What you are asked to do: What is wanted is the full listing, word for word, without its pictures.

########################################

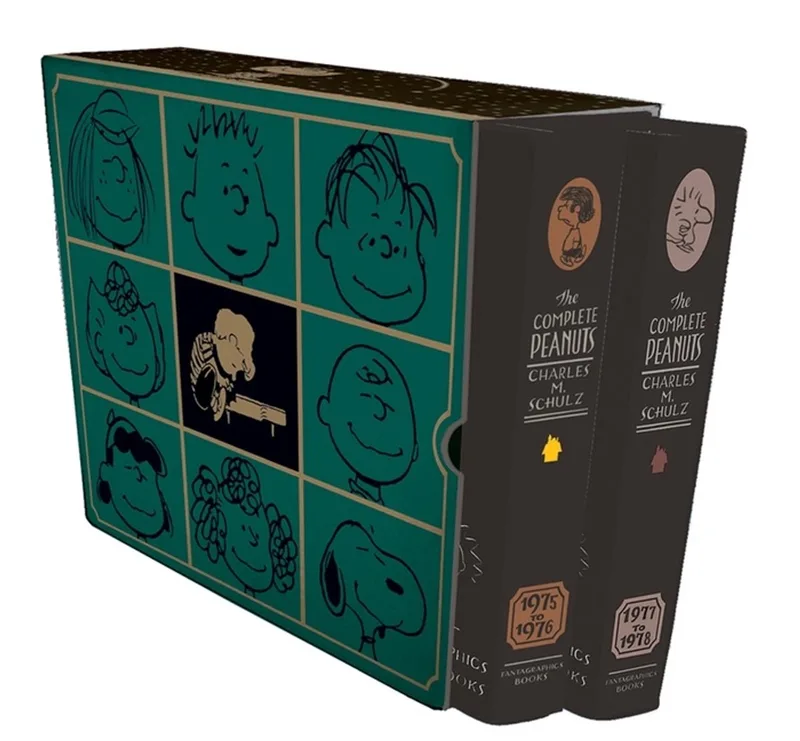 Complete Peanuts Boxed Set 1975-1978 de Fantagraphics – photo du livre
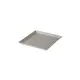 Δίσκος Μελαμίνης 17x17x1.8cm, Γκρι, (Τιμή για 3 τεμάχια) Leone T8500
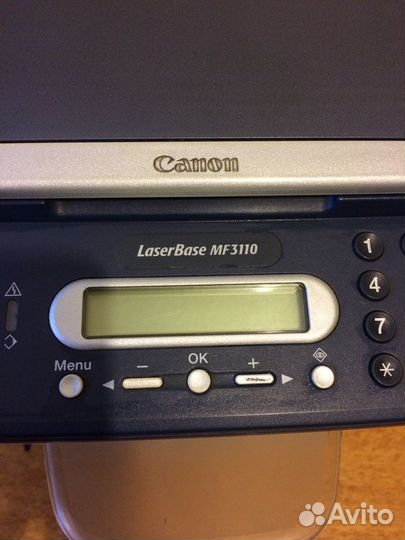 Мфу Canon LaserBase MF3110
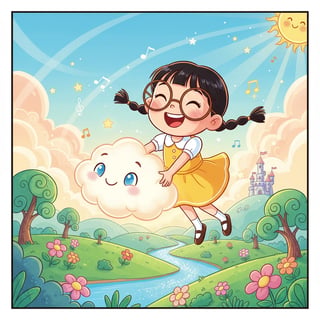 小云和莉莉 (Xiǎo yún hé Lìlì)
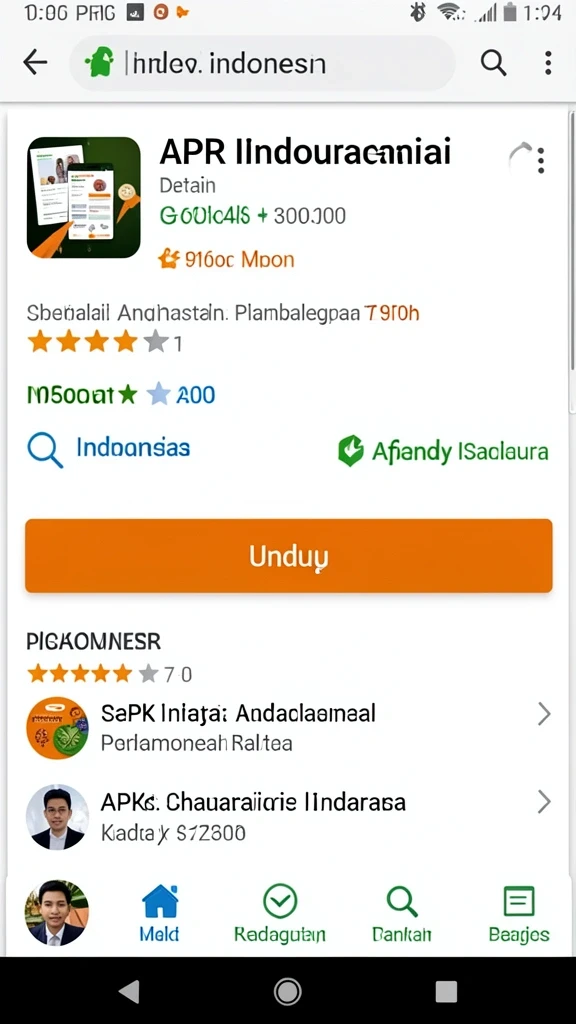 Screenshot untunggo nomor 2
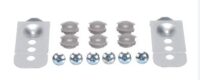 Samsung Dishwasher Mounting Clips - Set of 2. Part #DD98-01051C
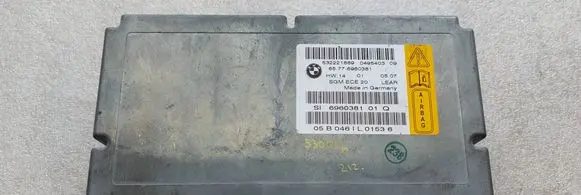 BMW 5 E60 E61 Airbag control unit/module 65776960381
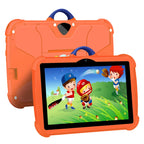 Kids 7 Inch Android Tablet 64GB - Quad Core Learning Tablet with Shockproof Case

########################################

Solved problem:
 Complete Peanuts Boxed Set 1975-1978 de Fantagraphics – photo du livre
 Δίσκος Μελαμίνης 17x17x1.8cm, Γκρι, (Τιμή για 3 τεμάχια) Leone T8500
 Мфу Canon LaserBase MF3110
 小云和莉莉 (Xiǎo yún hé Lìlì)
 Screenshot untunggo nomor 2
 Samsung Dishwasher Mounting Clips - Set of 2. Part #DD98-01051C
 BMW 5 E60 E61 Airbag control unit/module 65776960381
 Kids 7 Inch Android Tablet 64GB - Quad Core Learning Tablet with Shockproof Case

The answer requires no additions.